Kirghizstan : US Go Home!

Actuellement, près de 80% des approvisonnements destinés aux forces de l’Otan et à celles de l’opération Enduring Freedom déployées en Afghanistan transitent par le Pakistan. Seulement, les taliban – et plus généralement, les combattants islamistes – s’attaquent régulièrement aux convois de ravitaillement, qui empruntent notamment le col frontalier de Khyber, via la ville de Peshawar.

Par ailleurs, le volume des approvisonnements est même appelé à augmenter étant donné que 30.000 hommes supplémentaires sont attendus en Afghanistan pour renforcer le contingent américain. Cette situation oblige donc à diversifier les voies d’approvisionnement et cela passe par des discussions avec les pays de l’Asie centrale.

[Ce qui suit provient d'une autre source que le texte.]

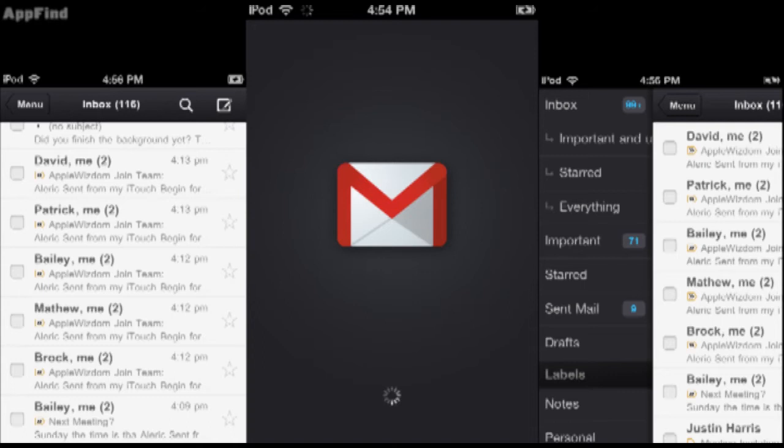Now as you guys know if you follow AppFind, the Gmail app came out a few weeks ago but it had a fatal bug that caused errors in push notifications and the app crashed. They fixed these errors and re-released the app today in the app store.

Depuis 2001, les Etats-Unis ont cherché à accroître leur influence dans cette région, notamment en ouvrant des bases aériennes en Ouzbékistan et au Kirghizstan.La première a été fermée en 2005 en raison d’une brouille entre Washington et Taschkent. Quant à la seconde, elle revêt désormais une « importance capitale » pour le Pentagone.

Autre acteur de premier plan dans la région, la Russie voit d’un très mauvais oeil ces incursions américaines dans sa zone d’influence, les pays de l’Asie centrale étant pour la plupart des anciennes républiques de la défunte Union soviétique.

Par ailleurs, d’autres sujets de fâcheries perturbent également les relations entre Moscou et Washington, tels que, par exemple, l’extension de l’Otan, avec les demandes d’adhésion de l’Ukraine et de la Géorgie et le projet américain de bouclier antimissile, qui prévoit des installations dans un autre ancien pré-carré soviétique, c’est à dire en Europe de l’Est. En cherchant à reprendre la main en Asie centrale, la Russie aurait ainsi moyen de pression sur aux Etats-Unis, pour qui le dossier afghan est prioritaire, ce qui peut toujours servir pour faire la décision lors de négocations futures.

L’annonce, le 4 février dernier, de la création de « forces armées collectives de réaction » par la Russie et six autres ex-républiques soviétiques de l’Asie centrale, dans le cadre de l’Organisation du traité de sécurité collective (ODKB ou OTSC), répond à l’objectif de Moscou de garder la mainmise sur sa zone d’influence.

Reste la question de la base américaine au Kirghizstan, que le Kremlin souhaite voir fermer. Le premier acte s’est joué en décembre dernier avec une « rumeur » faisant état de la volonté du président kirghiz de voir partir les Américains de son pays. L’affaire en est alors restée là, après la dissipation de quelques malentendus entre Washington et Bichkek. Actuellement, les Etats-Unis paieraient un loyer de 63 et 80 millions de dollars par an (selon les sources) pour pouvoir utiliser la base de Manas, ce qui est une somme appréciable pour l’économie d’un pays où le salaire mensuel moyen ne dépasse par les 70 dollars. L’argent étant le nerf de la guerre, cela a dû donner à réfléchir aux dirigeants kirghizes, aussi pro-russes qu’ils soient.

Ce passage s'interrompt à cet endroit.